In addition, this expert foresees continued cyber exploitation of pandemic anxieties, as well as two other trends to watch for
According to the a global information security survey by EY, the frequency of disruptive attacks had increased for 73% of respondents from the Asia Pacific region, and 57% of APAC respondents were unsure if their cybersecurity defences were robust enough to withstand hackers’ evolving techniques.
This year, cybercriminals continue to take advantage of the pandemic to profit massively.
As the cybersecurity landscape continues to evolve, enterprises and business leaders need to prioritize the upgrade of their security infrastructure and their employees’ cyber awareness, and stay abreast of the latest cybersecurity trends for the region, such as the following five:
- Microservices will attract macro threats
One big advantage of the current mass migration to cloud software is it reduces operating expenses, and vendors can upgrade and scale their software without downtime, by using microservices.
As the trend for cloud services continues in 2022, we expect to see growth in microservice level attacks as criminals turn this to their advantage.

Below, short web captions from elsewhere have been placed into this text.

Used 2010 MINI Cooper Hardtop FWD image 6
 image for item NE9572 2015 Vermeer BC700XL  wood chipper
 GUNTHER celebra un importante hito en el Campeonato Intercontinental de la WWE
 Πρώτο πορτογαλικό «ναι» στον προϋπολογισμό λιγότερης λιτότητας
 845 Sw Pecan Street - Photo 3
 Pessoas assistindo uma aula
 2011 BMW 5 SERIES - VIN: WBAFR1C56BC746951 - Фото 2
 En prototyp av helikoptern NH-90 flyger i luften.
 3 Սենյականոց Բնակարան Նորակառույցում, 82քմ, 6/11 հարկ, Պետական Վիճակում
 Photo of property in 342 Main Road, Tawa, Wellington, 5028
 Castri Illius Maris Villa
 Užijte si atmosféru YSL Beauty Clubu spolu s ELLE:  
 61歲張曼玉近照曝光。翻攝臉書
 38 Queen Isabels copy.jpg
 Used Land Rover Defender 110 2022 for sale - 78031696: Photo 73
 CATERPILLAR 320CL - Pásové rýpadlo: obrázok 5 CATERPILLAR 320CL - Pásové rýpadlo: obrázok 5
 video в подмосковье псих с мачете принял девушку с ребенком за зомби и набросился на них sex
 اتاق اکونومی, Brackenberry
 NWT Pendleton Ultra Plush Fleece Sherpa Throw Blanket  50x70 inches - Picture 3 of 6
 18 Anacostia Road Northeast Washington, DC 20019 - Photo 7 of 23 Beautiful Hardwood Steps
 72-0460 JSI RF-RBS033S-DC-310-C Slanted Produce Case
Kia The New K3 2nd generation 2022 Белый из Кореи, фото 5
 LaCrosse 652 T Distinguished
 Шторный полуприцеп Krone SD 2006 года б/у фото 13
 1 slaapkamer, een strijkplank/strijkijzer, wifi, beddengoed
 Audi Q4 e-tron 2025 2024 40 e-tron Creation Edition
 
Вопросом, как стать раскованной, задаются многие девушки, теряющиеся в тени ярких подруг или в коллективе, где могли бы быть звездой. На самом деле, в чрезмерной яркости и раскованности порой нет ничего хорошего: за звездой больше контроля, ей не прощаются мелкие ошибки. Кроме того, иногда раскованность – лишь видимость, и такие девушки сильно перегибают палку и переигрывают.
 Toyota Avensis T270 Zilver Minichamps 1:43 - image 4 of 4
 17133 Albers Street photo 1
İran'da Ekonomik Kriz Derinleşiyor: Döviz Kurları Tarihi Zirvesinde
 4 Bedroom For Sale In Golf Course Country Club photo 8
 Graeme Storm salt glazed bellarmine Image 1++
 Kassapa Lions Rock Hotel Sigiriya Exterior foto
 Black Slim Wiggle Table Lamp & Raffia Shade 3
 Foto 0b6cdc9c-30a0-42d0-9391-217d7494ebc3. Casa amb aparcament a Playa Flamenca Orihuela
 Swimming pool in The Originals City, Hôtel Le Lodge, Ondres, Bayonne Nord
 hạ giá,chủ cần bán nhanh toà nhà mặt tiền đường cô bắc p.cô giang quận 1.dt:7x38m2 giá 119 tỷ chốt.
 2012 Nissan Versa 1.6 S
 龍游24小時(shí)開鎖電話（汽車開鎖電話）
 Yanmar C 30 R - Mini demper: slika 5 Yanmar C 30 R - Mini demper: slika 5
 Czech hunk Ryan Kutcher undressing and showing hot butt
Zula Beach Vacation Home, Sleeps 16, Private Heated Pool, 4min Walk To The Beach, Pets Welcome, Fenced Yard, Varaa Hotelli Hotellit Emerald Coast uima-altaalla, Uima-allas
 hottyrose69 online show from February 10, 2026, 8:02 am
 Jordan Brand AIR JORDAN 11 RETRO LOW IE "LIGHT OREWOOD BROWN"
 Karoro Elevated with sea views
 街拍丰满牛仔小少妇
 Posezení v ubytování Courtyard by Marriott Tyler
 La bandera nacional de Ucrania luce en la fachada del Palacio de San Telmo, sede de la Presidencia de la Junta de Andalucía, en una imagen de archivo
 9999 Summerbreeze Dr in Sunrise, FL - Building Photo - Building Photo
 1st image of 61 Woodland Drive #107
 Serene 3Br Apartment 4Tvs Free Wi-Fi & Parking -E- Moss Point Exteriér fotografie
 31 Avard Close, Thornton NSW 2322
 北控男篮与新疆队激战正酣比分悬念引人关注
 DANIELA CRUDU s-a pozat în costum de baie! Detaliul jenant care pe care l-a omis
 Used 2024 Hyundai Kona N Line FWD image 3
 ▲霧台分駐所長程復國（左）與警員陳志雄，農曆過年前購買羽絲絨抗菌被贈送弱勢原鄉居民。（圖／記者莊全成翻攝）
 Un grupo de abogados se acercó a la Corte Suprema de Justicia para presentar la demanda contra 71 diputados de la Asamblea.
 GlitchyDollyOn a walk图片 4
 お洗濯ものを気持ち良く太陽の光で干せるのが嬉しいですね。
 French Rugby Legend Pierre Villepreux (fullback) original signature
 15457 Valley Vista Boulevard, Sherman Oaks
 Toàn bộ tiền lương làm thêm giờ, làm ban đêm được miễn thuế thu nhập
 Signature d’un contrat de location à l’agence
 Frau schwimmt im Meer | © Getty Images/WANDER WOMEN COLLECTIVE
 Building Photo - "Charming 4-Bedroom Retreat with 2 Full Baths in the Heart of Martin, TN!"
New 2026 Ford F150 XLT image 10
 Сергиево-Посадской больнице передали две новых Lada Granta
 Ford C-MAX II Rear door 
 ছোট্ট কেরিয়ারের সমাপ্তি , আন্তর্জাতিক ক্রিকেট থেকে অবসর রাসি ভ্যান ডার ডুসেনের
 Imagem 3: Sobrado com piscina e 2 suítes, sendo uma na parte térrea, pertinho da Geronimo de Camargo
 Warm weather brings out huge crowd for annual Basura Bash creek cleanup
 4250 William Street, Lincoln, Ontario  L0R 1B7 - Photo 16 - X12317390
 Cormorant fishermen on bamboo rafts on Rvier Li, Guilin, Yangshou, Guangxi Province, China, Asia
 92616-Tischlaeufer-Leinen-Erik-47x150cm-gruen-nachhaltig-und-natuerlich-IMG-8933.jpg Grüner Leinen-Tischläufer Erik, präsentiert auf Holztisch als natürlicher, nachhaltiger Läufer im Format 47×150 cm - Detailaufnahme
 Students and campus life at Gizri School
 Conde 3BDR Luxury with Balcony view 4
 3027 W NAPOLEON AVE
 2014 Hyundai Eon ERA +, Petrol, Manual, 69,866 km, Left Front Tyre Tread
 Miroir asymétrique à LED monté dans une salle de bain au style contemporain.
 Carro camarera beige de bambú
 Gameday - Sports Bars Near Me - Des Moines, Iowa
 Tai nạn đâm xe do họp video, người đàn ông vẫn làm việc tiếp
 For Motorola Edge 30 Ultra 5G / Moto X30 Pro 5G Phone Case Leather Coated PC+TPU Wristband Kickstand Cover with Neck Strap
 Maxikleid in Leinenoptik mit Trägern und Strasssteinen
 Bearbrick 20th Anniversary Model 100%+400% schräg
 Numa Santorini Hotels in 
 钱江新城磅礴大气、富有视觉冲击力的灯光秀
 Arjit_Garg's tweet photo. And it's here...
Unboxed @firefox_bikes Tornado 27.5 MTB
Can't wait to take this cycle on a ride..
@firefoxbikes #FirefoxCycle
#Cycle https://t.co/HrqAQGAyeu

- Supply chain security will be a key focus
The high profile supply chain attacks of 2021 demonstrate that threat actors can gain access to organizations through a third party. As organizations adopt go digital and partnerships grow, so will their exposure to supply chain vulnerabilities.
In 2022, organizations will be even more concerned about the source of their software. There will be more focus on digital code signing and ensuring that Incident Response processes are in place to limit the impact if and when an attacker does successfully exploit a weakness in the supply chain, such as the current Log4Shell crisis. This is one of the worst remote code execution flaws in recent years and will no doubt continue to wreak havoc for years to come. Supply chain security is now increasingly important, and this is unlikely to change anytime soon.
- Cybercriminals will continue to take advantage of the pandemic
This year, threat actors have continued to exploit human psychology as well as organizational and technical weaknesses in more complex and dispersed networks, resulting in considerable economic and productivity damage.
In 2022, threat actors will continue to exploit these weaknesses that organizations struggle to correct due to ever-increasing complexity. In other words, 2022 will look a lot like 2021 but with more notable and sensational exploits.
- More secure internet standards may give threat actors an advantage
Safeguarding an organization requires visibility and inspection of encrypted network traffic. Newer and more secure internet standards such as HTTP/2 and TLS 1.3 will provide an additional avenue for organizations to secure and ensure data privacy, but threat actors are aware.
This further complicates the inspection demands that most security detection methods employ today. Thus, security measures may ultimately fall short, as exploits can easily be hidden even within encrypted traffic that many organizations may opt out of decrypting.
This, in turn, will increase interest in AI and machine learning tools that allow malicious activity to be detected without breaking encryption.
- Revamping personal cyber hygiene will be more important than ever in 2022
Identity theft is being used in more complex scams, and unfortunately, employees and individuals are not adequately securing their accounts.
Sharing too many personal details on social media, not using multi-factor authentication; using weak passwords or being too trusting when the phone rings are just a few common examples.
Furthermore, attacks have become more complex and multi-layered, with threat actors chaining together multiple minor cyber incidents that lead to a full exploit.
In light of this, personal cyber-awareness should be a top priority in 2022, and the security of an organization begins with every employee.
Organizations are already realizing the many benefits of digital transformation: now they need to channel some of the benefits back into prioritizing cybersecurity by modernizing and safeguarding their infrastructure for continued operational resilience.